*** Opening of TASK MATERIAL ***
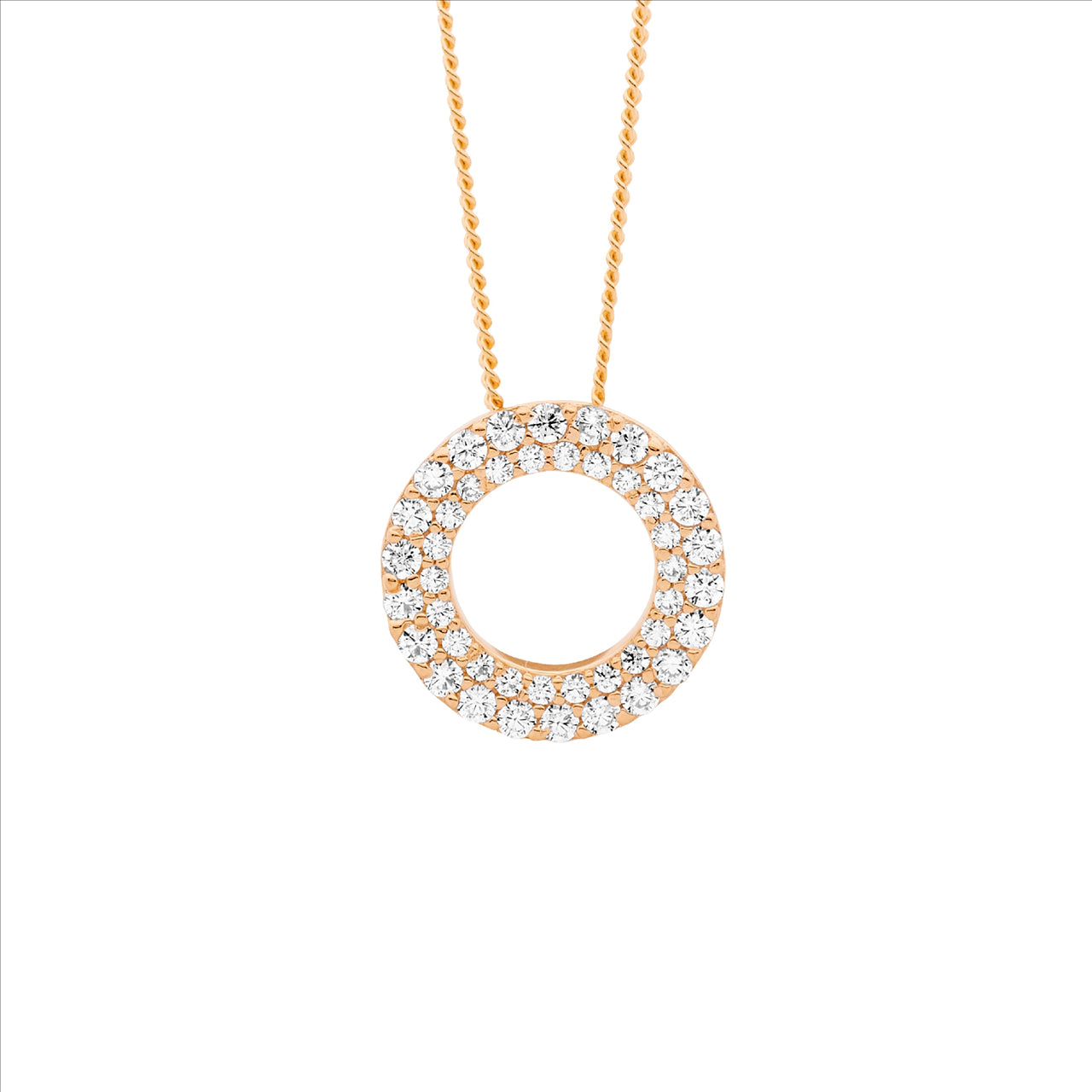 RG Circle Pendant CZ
*** Close of TASK MATERIAL ***
*** Opening of TASK MATERIAL ***
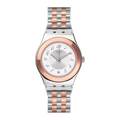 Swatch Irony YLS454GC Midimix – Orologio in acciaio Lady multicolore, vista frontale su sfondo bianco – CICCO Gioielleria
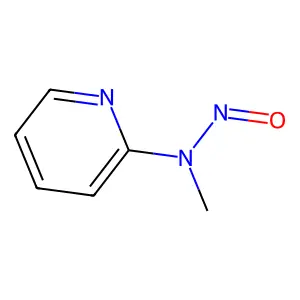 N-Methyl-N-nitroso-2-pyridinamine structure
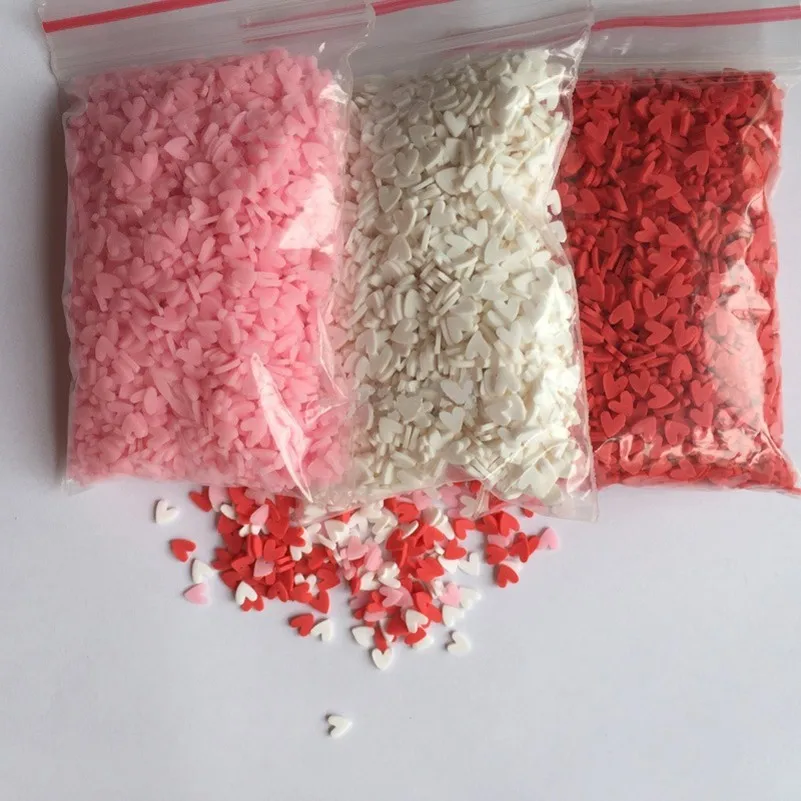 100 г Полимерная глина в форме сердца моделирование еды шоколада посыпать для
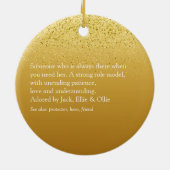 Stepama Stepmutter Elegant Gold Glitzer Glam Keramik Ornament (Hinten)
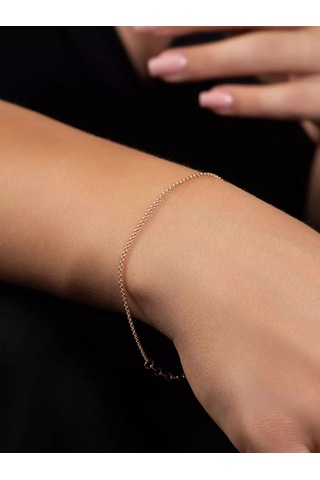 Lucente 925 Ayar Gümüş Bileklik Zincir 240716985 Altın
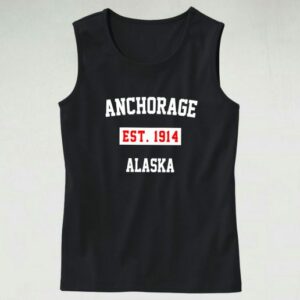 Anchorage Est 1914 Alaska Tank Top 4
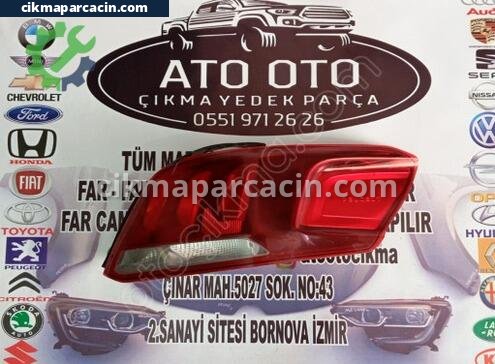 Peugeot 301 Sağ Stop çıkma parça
*** Close of TASK MATERIAL ***
What's needed is an exact copy of the records above from the line containing "Stepama Stepmutter Elegant" down to the line containing "Peugeot 301 Sağ Stop çıkma parça", both included, without any pictures.

 Stepama Stepmutter Elegant Gold Glitzer Glam Keramik Ornament (Hinten)
 Lucente 925 Ayar Gümüş Bileklik Zincir 240716985 Altın
 Anchorage Est 1914 Alaska Tank Top 4
 Peugeot 301 Sağ Stop çıkma parça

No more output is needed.